The house next door to ours is empty. It sits in a great location overlooking the lake and the mountain behind it. It’s a small house with a fireplace, hardwood floors and big windows that let in lots of light. There’s about an acre of land around it with great trees and a lot of flower beds. Here, in this quiet community, it’s a peaceful looking home.  But it’s been empty for just over a year and a half now.

            The lady who used to live there is in a care home now. She’s in her mid seventies and unable to really take care of herself or maintain a rural residence anymore. She lived there a long time. She buried a husband while she was there and the house mattered to her. She loved her flower beds and she always made sure that her lawn was mowed and that the bird feeder was filled all winter long.

            Now it’s in the hands of her children and all they can do is squabble over who gets what. It’s actually up for sale and I’ve seen a few carloads of potential buyers come out to see it. It’s fallen into some disrepair. The shed roof collapsed and it needs to be rebuilt or replaced. Her car is rusting out in the breezeway and the once adored flower beds are weedy and thick with dead or dying bushes. Even the lilac bushes seem sad somehow.

            I cut the grass when it got really long this past summer. Moving across that yard felt odd knowing that the windows were empty and there was no one around to appreciate the smell of fresh cut grass and the simple joy of a well tended yard. There wasn’t going to be a long evening spent on the patio taking it all in. There wasn’t going to be a late night walk along its borders looking at the lights in the windows and that special feeling of knowing a place intimately.

            It’s funny how when you take the person out of the building that it quickly becomes just a building again. It sits in the darkness or in the early morning light like a cold and an abandoned thing and it seems to me that’s what missing is spirit. Bodies take up space and create clutter and the look of busyness about a place but the spirit of the people who live there is what gives a home life. When they’re gone and all there are is walls, a house is just a house again.

            The old lady had gumption. She was a tough old bird. She battled great loneliness and bouts of heavy drinking but she always seemed to fight back. When she was right she was spry and lively and she really liked to laugh. She had a girlish streak to her and enjoyed teasing and playing games. I remember that her eyes always seemed to have a hint of mischief in them. That’s what I see missing in the house she once lived in.

              She came to our wedding when we got married in our yard. I remember the wistful look she had that day as though she was remembering her own wedding day and the husband who was gone long before we ever met her. That story is in that house too. So is the story of the children who wrangle over it now. So are the stories of the dogs and the cats and the friends who once filled it.

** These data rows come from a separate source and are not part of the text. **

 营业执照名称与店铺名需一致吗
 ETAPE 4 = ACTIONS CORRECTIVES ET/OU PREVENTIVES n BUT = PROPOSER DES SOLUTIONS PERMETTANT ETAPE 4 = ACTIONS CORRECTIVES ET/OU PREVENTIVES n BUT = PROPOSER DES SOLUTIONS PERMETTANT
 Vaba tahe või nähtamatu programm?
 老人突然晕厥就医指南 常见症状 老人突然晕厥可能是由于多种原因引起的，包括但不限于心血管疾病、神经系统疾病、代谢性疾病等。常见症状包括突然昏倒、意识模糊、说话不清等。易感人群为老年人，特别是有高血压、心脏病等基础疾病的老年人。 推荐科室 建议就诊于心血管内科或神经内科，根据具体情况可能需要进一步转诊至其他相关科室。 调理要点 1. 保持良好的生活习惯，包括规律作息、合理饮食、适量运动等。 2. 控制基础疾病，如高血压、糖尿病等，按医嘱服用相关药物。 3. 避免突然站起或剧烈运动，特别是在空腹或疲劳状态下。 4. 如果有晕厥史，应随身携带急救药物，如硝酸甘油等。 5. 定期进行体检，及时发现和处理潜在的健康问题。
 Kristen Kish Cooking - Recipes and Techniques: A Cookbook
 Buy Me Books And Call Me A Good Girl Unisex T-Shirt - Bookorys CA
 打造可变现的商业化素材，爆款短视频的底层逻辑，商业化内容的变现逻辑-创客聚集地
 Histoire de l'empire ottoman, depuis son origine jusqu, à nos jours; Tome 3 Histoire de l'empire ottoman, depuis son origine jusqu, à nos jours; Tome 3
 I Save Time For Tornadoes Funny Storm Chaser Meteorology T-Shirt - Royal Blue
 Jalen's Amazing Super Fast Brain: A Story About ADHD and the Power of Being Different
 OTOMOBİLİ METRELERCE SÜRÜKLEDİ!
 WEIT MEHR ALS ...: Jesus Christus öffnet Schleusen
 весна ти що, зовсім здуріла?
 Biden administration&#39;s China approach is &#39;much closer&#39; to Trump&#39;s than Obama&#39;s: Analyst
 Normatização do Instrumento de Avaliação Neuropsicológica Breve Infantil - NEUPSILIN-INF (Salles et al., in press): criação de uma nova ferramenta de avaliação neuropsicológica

            I think that what makes a house a home. What takes it beyond being just a building, is the spirit and the energy we bring to it. The lives lived there grace it with the power of change, growth, evolution and the walls contain all of that. We build it. We construct it with our dreams, hopes, triumphs, small joys and losses. We fill it with stories and the power within them imbues a house with magic. That’s what’s sad about the house next door. The magic is gone.

              It sits now, old and alone. It’s just a thing to her children. It just represents money. What they can get from it. There’s no reverence for the touchstone to their own history that it is. There’s no recognition of the fact that it contains their mother’s energy, her verve, her swagger, her joys, her peace and eventually her loneliness. It contains the truth of her. Even I, standing in the yard looking at it as the sung goes down, can feel that.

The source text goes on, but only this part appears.